Está mal mandar a leer, también creo que hay líneas de pensamiento en las que no importa cuánto se lea ni cuánta evidencia se tenga para reconocerse lo errado, simplemente se sostienen por otras cosas. Pero pienso en el desconcierto genuino, qué tan desconocido es el Caribe, en este caso, y qué tan desconocido, ignorado, ninguneado es el origen de ciertas músicas, cuánto daño hacen las revistas, escrituras, lecturas que reducen todo al producto. Qué tan desconocido es cómo se (des)estructuran ciertas músicas, qué disputan, qué cosas ya tienen resueltas, cuáles nunca fueron un problema. En lo que respecta a la intimidad del reguetón con el hip hop vale decir que sean posiblemente los espacios musicales en los que la mujer siempre pudo decir, decidir, hacer y ser lo que se le cantó, sin pedir permiso. Para quien quiera más, hace unos años escribí sobre esto en el hip hop. Y también recomiendo esto en NPR, “La pregunta que llevó a una mujer a crear el primer archivo de reguetón puertorriqueño”.
Un rock que se defiende nacional sin nunca preguntarse qué es lo que se postula en esa idea de lo nacional, tan cerrada y funcional a lo estructural, al origen oligarca de su armado, sin siquiera reconocer a cuántos pares —que muchos ahora llaman hermanos, héroes, próceres, salvadores del cielo y la tierra— esa postulación se comió, vomitó y después reutilizó para beneficio del statu quo rockero, es un rock de existencia más que de vivencia. Quizás por eso lloran que se murió, aunque —como dijimos— el rock ni ninguna música muere. Pero como seres vivos que somos también sabemos que no morir no significa exactamente vivir.
Como me dijo Pablito Marks en una clase hace unos días: el rock se quedó en el garage. Es una gran imagen esa, porque me remota a la definición de la Grecia Antigua del idiota, del que no puede con el espacio público, con lo compartido.
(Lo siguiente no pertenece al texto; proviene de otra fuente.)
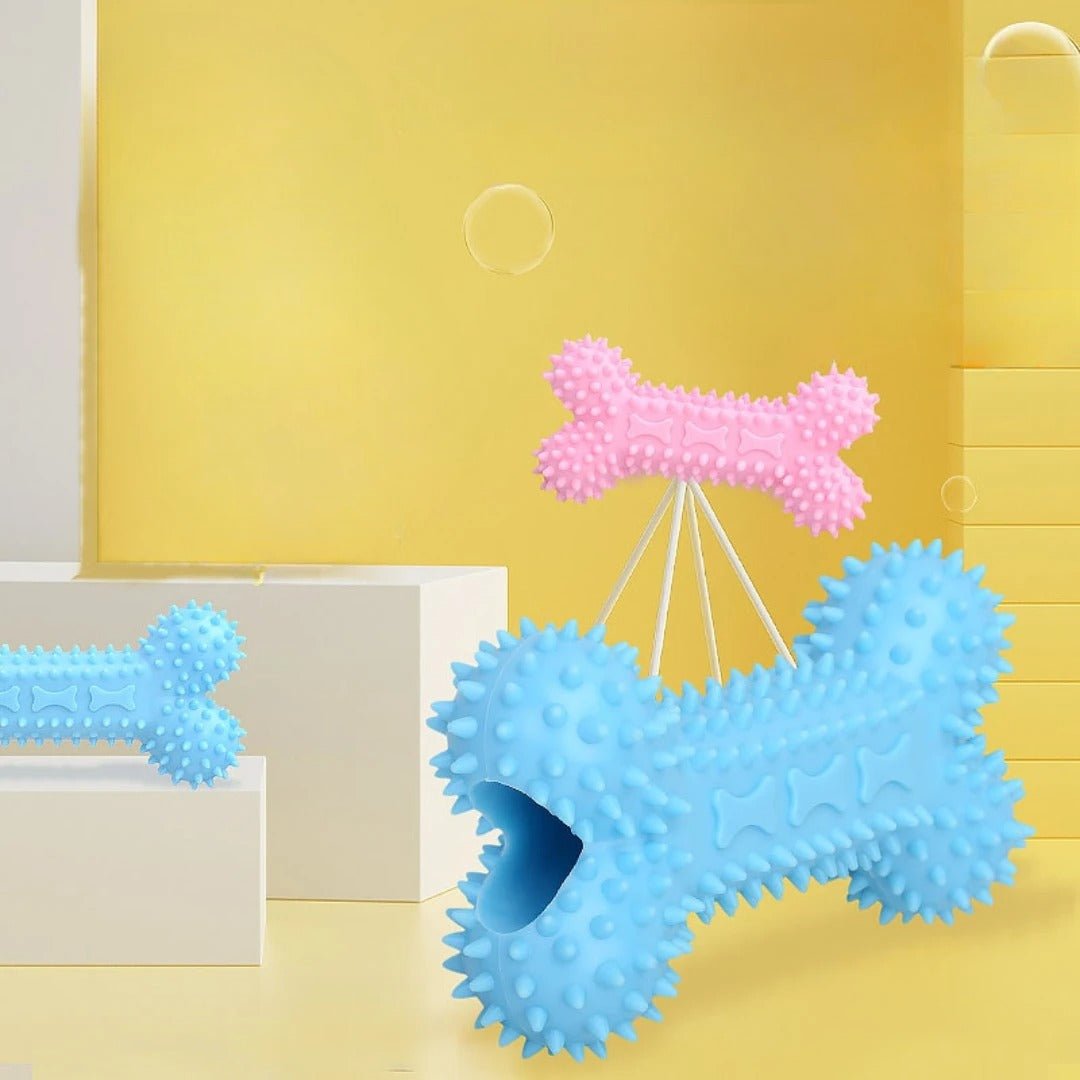 Kit Mordedor Porta Petisco Ossinho para Filhote - Snouty™ - Imagem 3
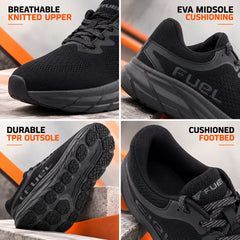 FUEL Airfly Comfortable and Light weight Sport Shoes for Men's (Black)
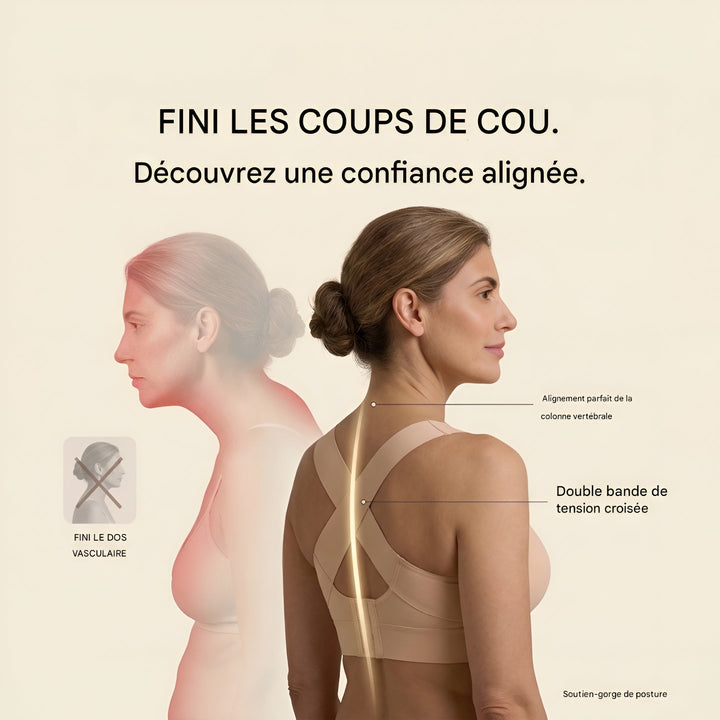 Charlie-quebec™ – Soutien-Gorge Sans Armature & Correction de Posture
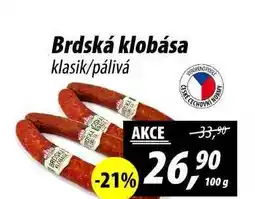 ZEMAN Brdská klobása klasik/pálivá, 100 g nabídka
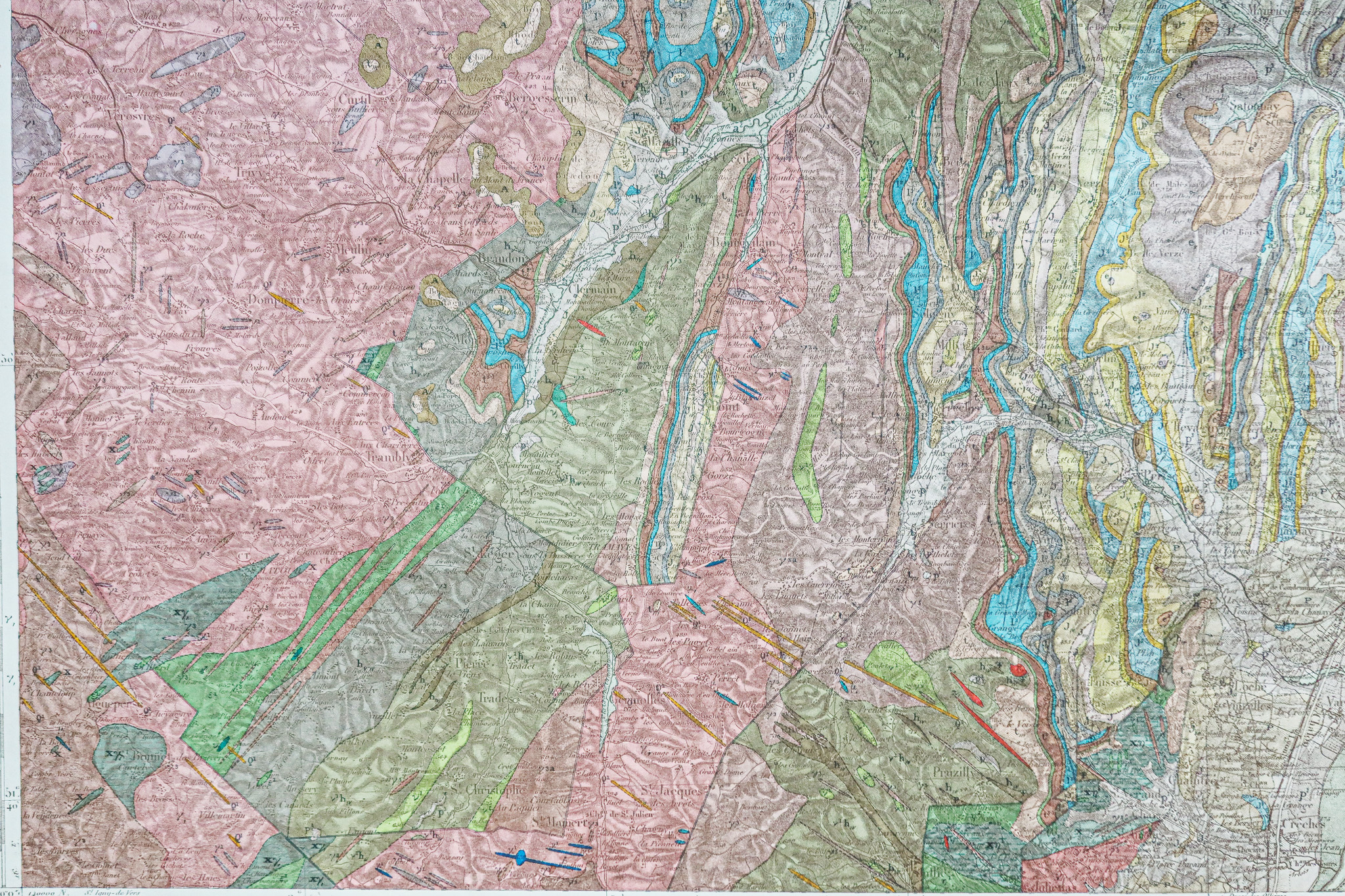 Carte géologique des environs de Mâcon
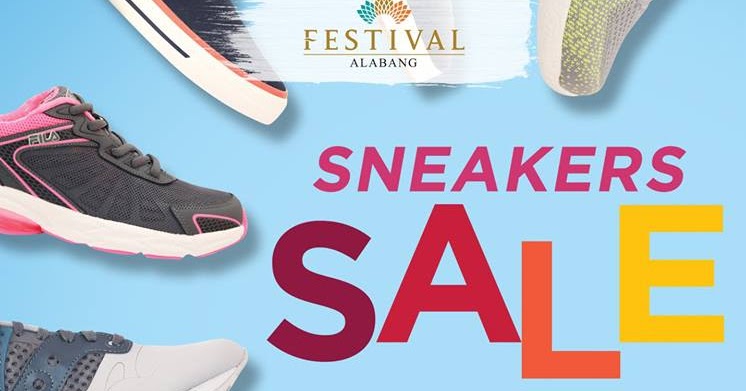 Manila Shopper: Festival Mall Sneaker SALE: April 2018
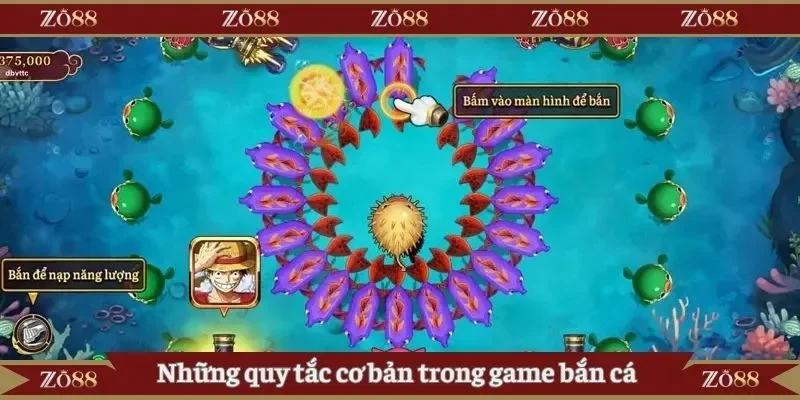 Những quy tắc cơ bản được cập nhật trong game bắn cá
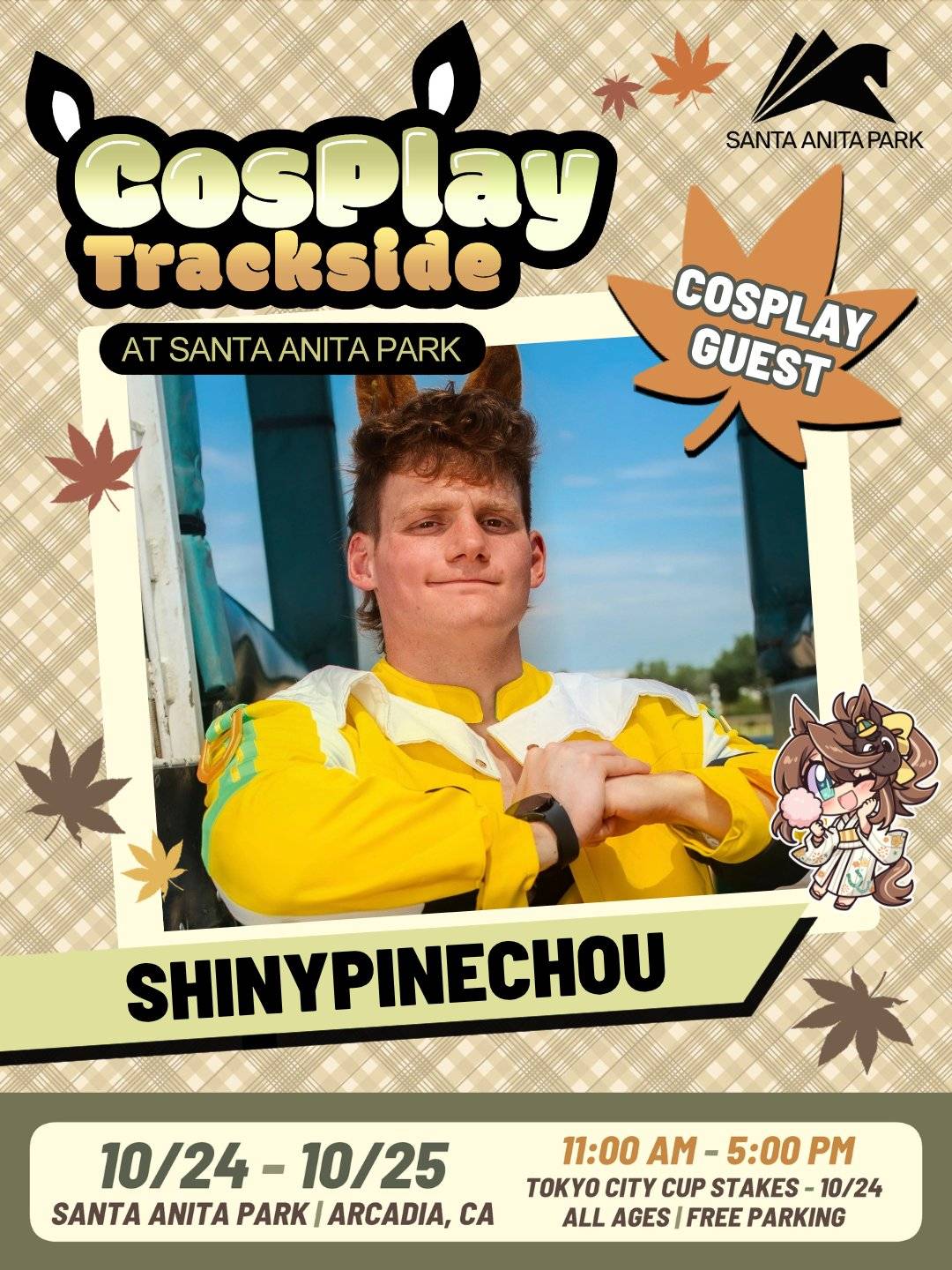 Imagen promocional relacionada con Cosplay Trackside volverá a Santa Anita Park con actividades de Umamusume · imagen 4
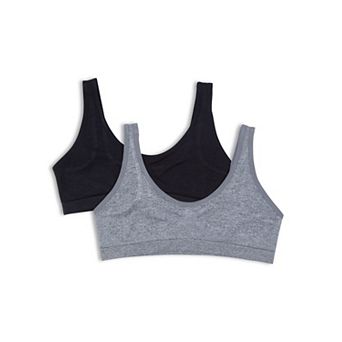 Girls 6-16 Hanes® 2-Pack Seamless Cozy Pullover Bras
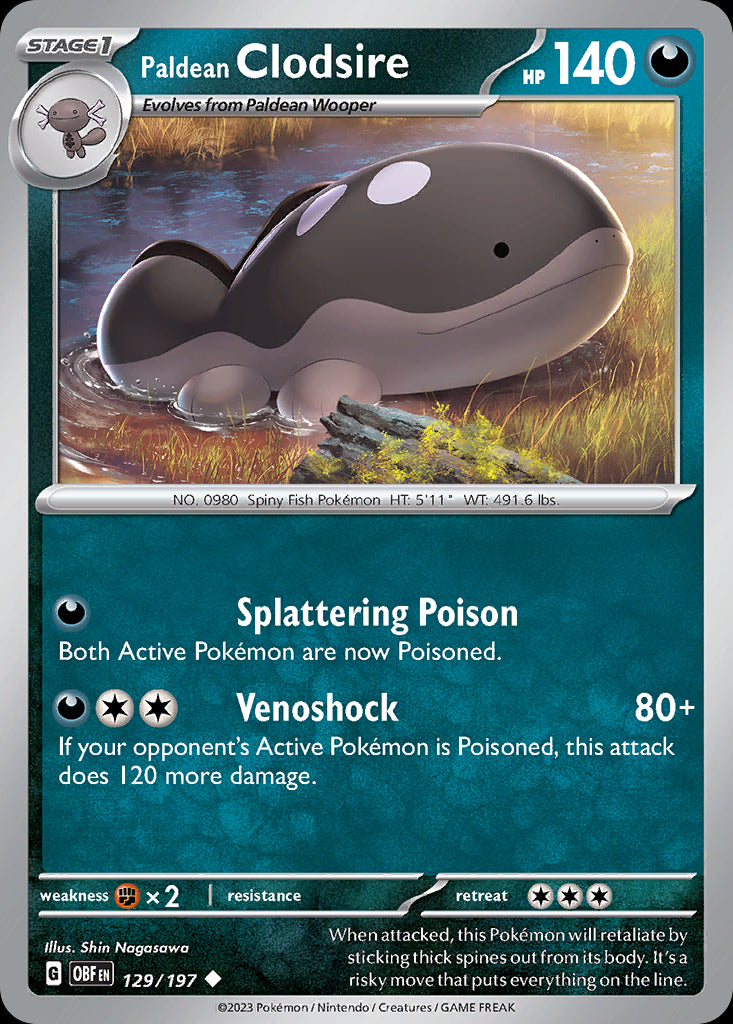 Paldean Clodsire - Obsidian Flames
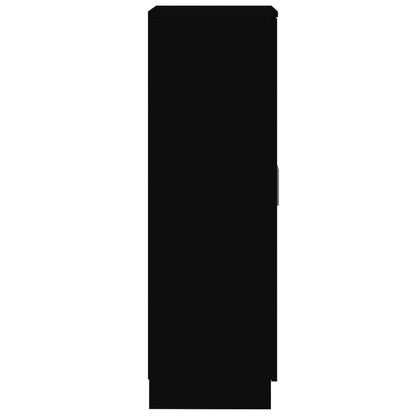 Skoskap Skohylle Skobenk Svart 55x35x108 cm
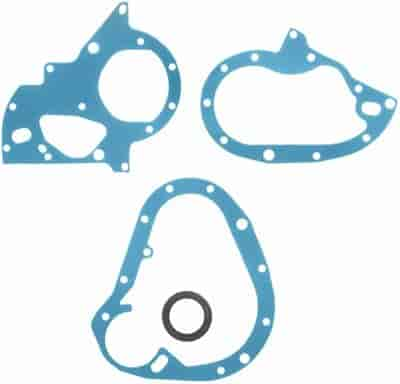 TIMING COVER GASKET SET; CON L4 135CI 2.2L; CON H/D L4 135CI 2.2L; CON L4 163CI 2.7L; CON H/D L4 163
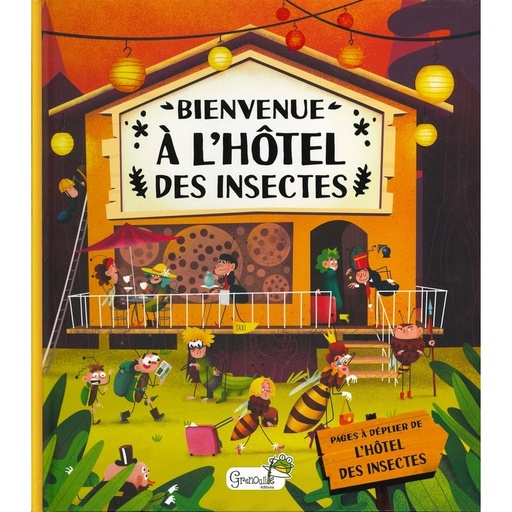 Bienvenue à l'hôtel des insectes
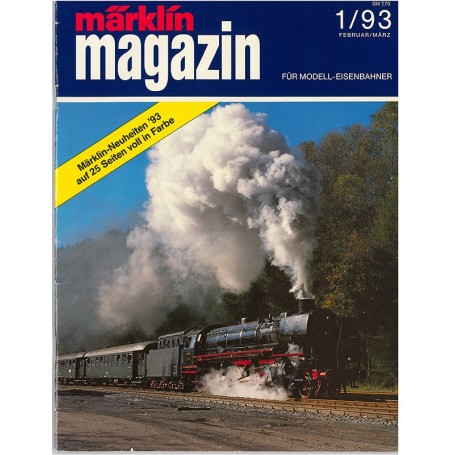 Kataloger KAT345 Märklin Magazin 1/93 Tyska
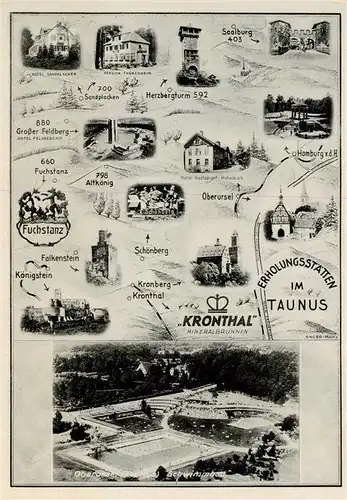 AK / Ansichtskarte  Oberursel_Taunus Schwimmbad Karte Teilansichten Oberursel Taunus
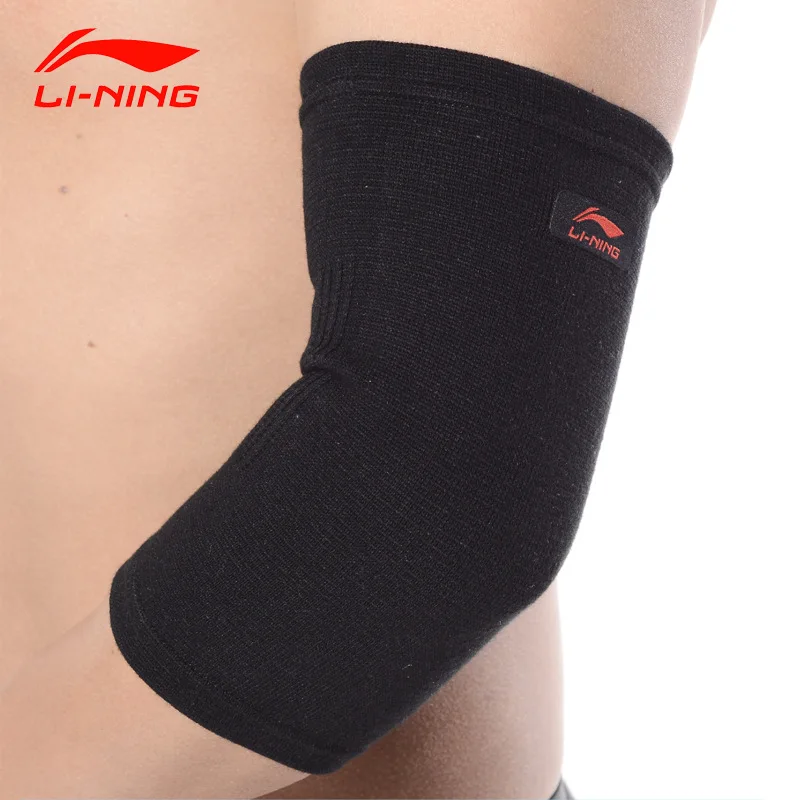 

Genuine Product LINING Profession Sports Knitted Elbow Pads Shuttlecock Tennis Taekwondo Arm Guard Protection Arm Sleeve Barcer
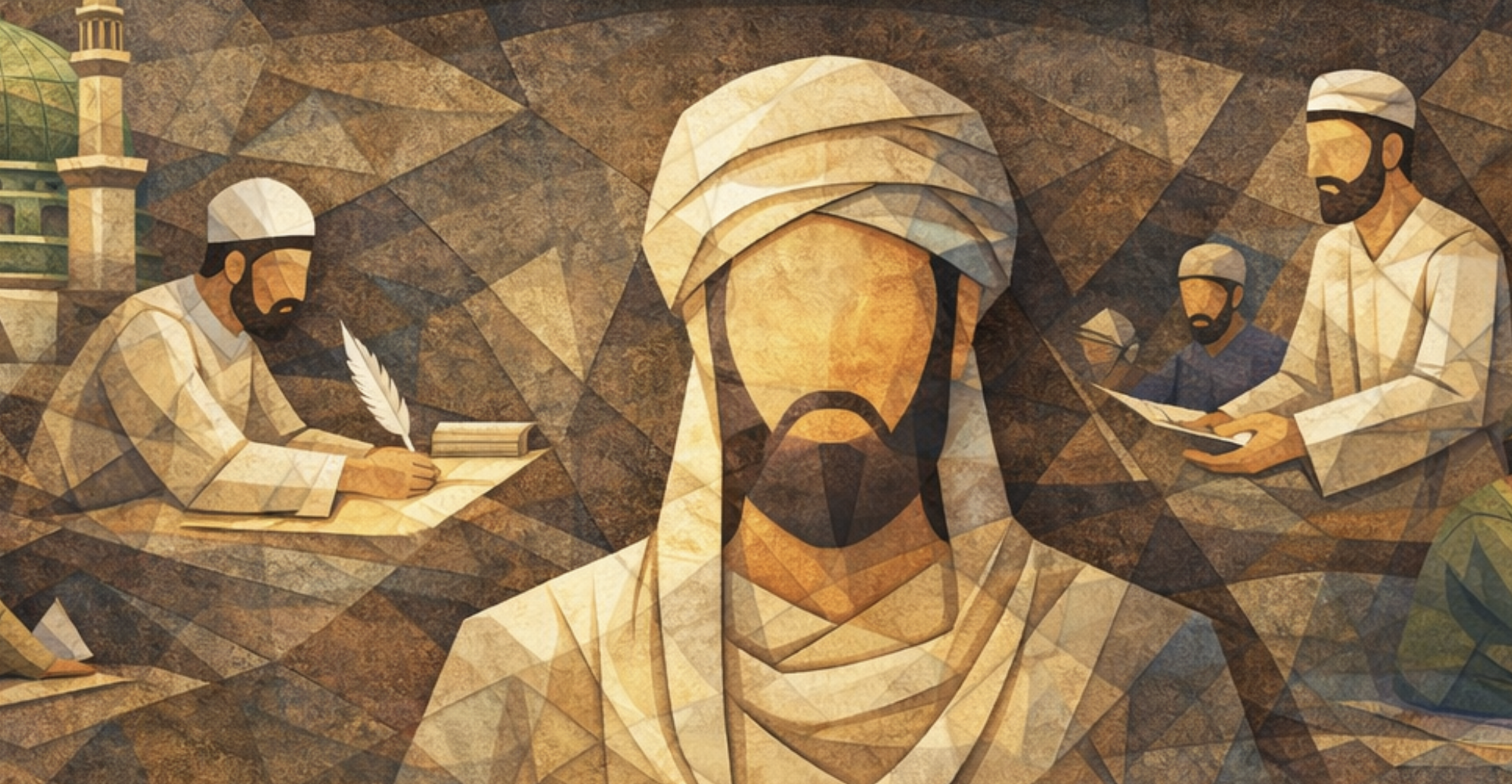 Geometric illustration of the prophet peace be upon him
Ahí en lo público donde lo puro no existe y donde, además, tu construcción y tu idea de vos se ponen en jaque.
Gracias a Dios, las músicas ocurren, permanecen, trascienden y se recrean por otros lados, y las que parecen ir por delante del tiempo, acusando historia y señalando derivas son las que no solo no se niegan a ese espacio público, sino que son las que ahí se terminan de parir. Pero hay algo más, y es lo imborrable: las músicas siempre recuperan lo que todos los relatos oficiales borran y lo que los relatos epocales manipulan. Y claro, en esa recuperación hacen justicia poética. Aunque hoy a casi nadie le importe nada de lo que ocurra después de su tiempo en esta tierra y todos estén muy preocupados pensando en sus impactos inmediatos, para los que estamos pensamos qué pistas de emancipación y comunidad dejamos hacia el futuro, aún sabiéndonos vencidos pero por respeto a los legados que recibimos, esa justicia poética y esas verdades reveladas no son poca cosa.